Alaska Airlines burns through cash, issues travel credits
Speaking at the UBS Global Industrials and Transportation Conference last Tuesday, Alaska Airlines’ chief financial officer Shane Tackett said America’s fifth-biggest airline was burning through $200 million per month. By the end of the year, Alaska wants to get that burn rate to zero.
In May, Alaska Airlines operated at 74% below normal capacity. Those flights that did operate were, on average, 40% full. There are signs the tide is turning.
“We’re just seeing cancellations and refund activity come down to a normal level,” said Mr Tackett at the UBS conference.
The airline was sitting on cash and short term investments of $2.8 billion as of June 1. But with a pessimistic short-term outlook, Alaska Airlines is keen to conserve cash. Like many airlines, it is issuing travel credits in preference to cash.
Predictable patterns of behavior may go out the window
Issuing travel credits means the airline isn’t spending cash. But it does create an on-going liability. Mr Tackett told the UBS conference that Alaska Airlines had issued up to $600 million in travel credits – that’s a tenfold increase on what the airline usually issues.
Usually, an airline is happy enough to sit on some travel credit liabilities. That’s because a lot of customers never redeem the credit, and the airline gets to keep the money.

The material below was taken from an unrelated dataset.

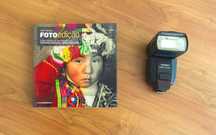 Livro de Fotoedição, introdução e noções básicas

But Mr Tackett isn’t so sure his customers will follow standard patterns of behavior;
“We don’t have a good window into how people are going to think about using e-wallet versus cash,” he said.

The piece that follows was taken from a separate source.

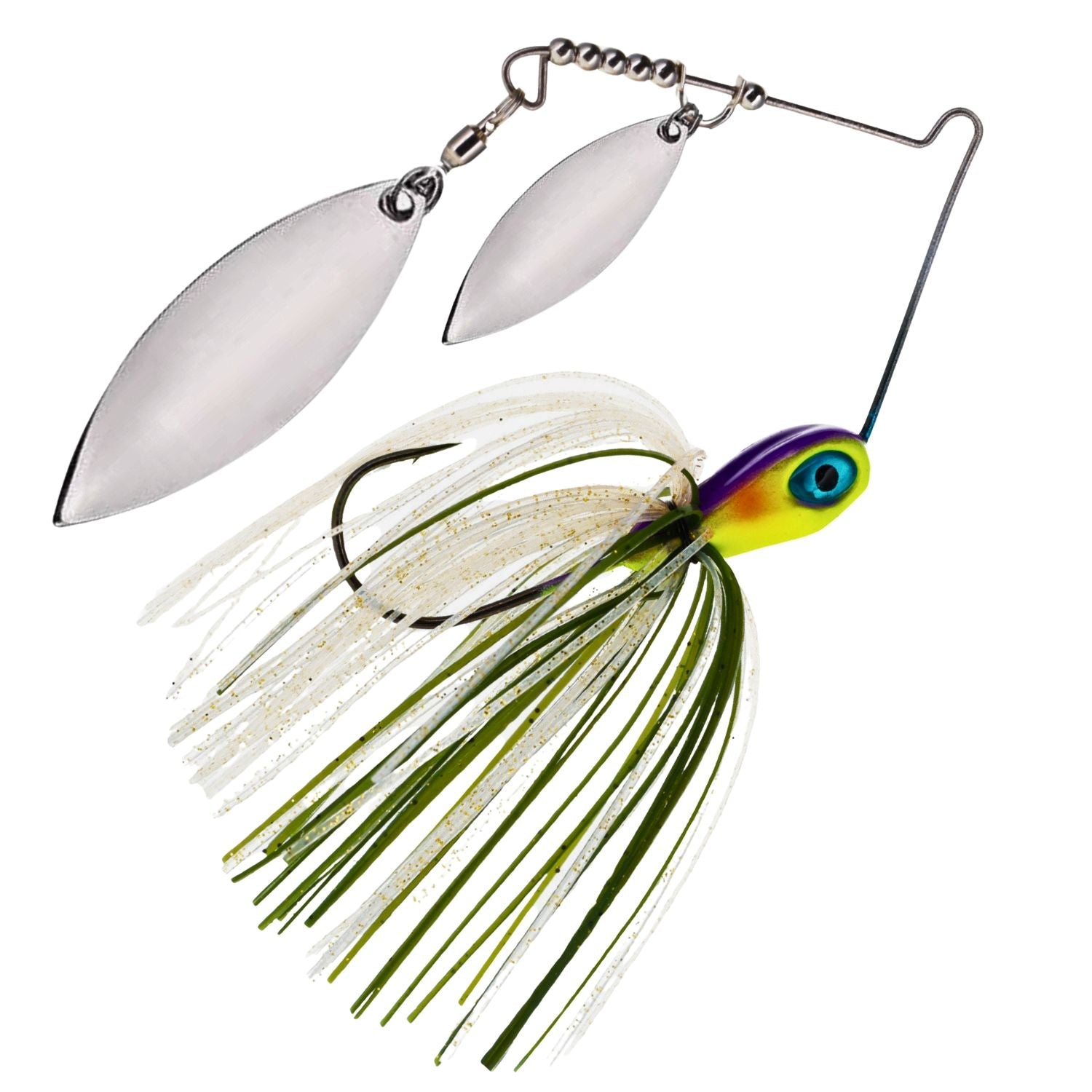 Reaction Tackle Tungsten Spinnerbait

“But my expectation is people will access the credits at a higher rate than they had before in terms of form of payment for tickets.”
This is potentially bad news for Alaska Airlines; they expect more customers than usual to use their travel credits but can’t put a number on how many. That creates uncertainty. Mr Tackett doesn’t think customers will sit on their travel credits for long, either.

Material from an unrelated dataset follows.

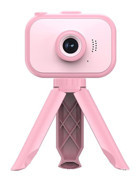 Ikkb Y6 Mini Full HD Kompakt Dijital Fotoğraf Makinesi Pembe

“It’s still fresh in their mind that they had those tickets and they don’t any longer, and they’ve got value for them.
“And as they think about replacing those trips, I just have an anticipation that there’s going to be a relatively large share of tickets that we sell for credit. We don’t have an estimate at this point.”
But there could be a bright side for Alaska Airlines
But there is a bright side for Alaska Airlines. People perceive the value of cash and travel credits differently. If you are paying with cold hard cash, you often hunt for best value fares. But if you pay with a travel credit, you are often willing to pay more for airfares.
That means Alaska Airlines can potentially sell higher-priced fares. It reduces the liability quicker and sees the customer paying a higher cost-per-kilometer traveled. But, as Mr Tackett admits, this is theory. He says Alaska Airlines cannot control market dynamics and the external environment.
“It’s a very competitive industry… and to the degree that there are seats out there that are empty … I’ve never seen that result in anything but pretty low pricing.”